A woman who claims she was mistreated at the Douglas County Jail was set to be back in federal District Court in Eugene on Wednesday afternoon.
Terri Carlisle had originally sued the county government, but settled with the county out of court in February.
She’s still suing two other defendants, the Kansas-based private medical company Correct Care Solutions, which contracted with the county to provide inmates’ medical care, and Steven Blum, the doctor who provided Carlisle’s care in the jail.
Carlisle claimed while she was serving her sentence at the jail in 2015, pain medicine for excruciating nerve pain caused by neuropathy was withheld for 65 days despite repeated complaints to staff and a plea from her family doctor.
Her case was taken up by ACLU of Oregon.
Carlisle had also alleged she was moved to a 12-by-16 foot punishment cell after jail staff found she had kept salt, a pencil sharpener, fingernail clippers, ibuprofen, a stool softener, and a single nerve pain pill, according to the ACLU. The pain pill in question was Neurontin, which is not a narcotic. She said she had forgotten to take it.
She had also complained of poor conditions generally for women in the punishment cell, where she alleged a dozen women were denied showers and had to beg for toilet paper and feminine hygiene products. She said some of the women had menstrual blood soiled clothing, were vomiting or had diarrhea. She said in the five days she spent in that cell she was never given a shower.
Carlisle was in the county jail for six months, from Feb. 9 to Aug. 4, 2015, on a conviction for driving under the influence of intoxicants. For 10 years prior to her incarceration, Carlisle had been taking the Neurontin to manage her neuropathy symptoms.
The terms of her settlement with the county included $25,000 for her attorneys and a promise that inmates would receive regular showers, clean clothing, hygiene supplies and medications prescribed by their doctors.
Although the remaining defendants are Correct Care Solutions and physician Steven Blum, neither of whom is a part of the county government, the ACLU is continuing to press Carlisle’s constitutional claim. The ACLU argues that Correct Care and Blum acted with deliberate indifference toward Carlisle’s medical needs, thus violating her Eighth Amendment right against cruel and unusual punishment.
“When we outsource jail medical care to out-of-state, for-profit companies, it can be harder to hold them accountable, but we won’t give up,” ACLU of Oregon Staff Attorney Kelly Simon said in a written statement. “They must treat people in their care humanely and safely.
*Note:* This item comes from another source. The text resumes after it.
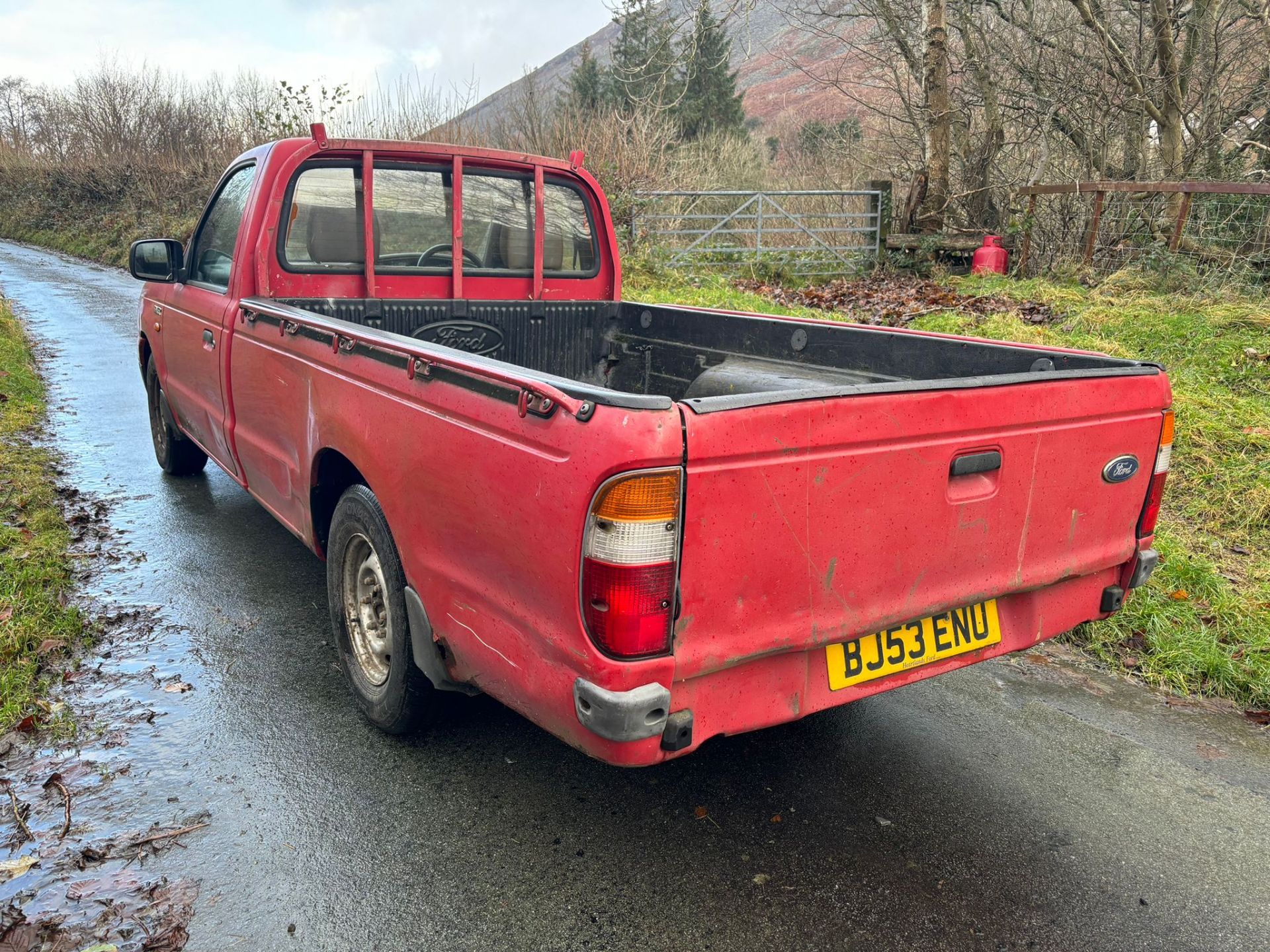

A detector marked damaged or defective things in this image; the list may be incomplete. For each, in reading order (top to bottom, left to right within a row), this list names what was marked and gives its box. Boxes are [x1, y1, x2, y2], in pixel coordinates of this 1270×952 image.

dented body panel [136, 136, 1168, 766]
We will keep fighting for justice for Terri Carlisle and for policy changes.”
Correct Care and Blum argued in court documents, however, that they were following widely accepted jail policy. The fact that Carlisle had kept a Neurontin pill rather than taking it meant she was hoarding it, the document said.
A loose Neurontin tablet in Carlisle’s cell was a risk to her health and well-being and the safety of others, the document said, and the medication wasn’t critical for her. It also said Carlisle refused to meet with Blum to discuss alternative pain management.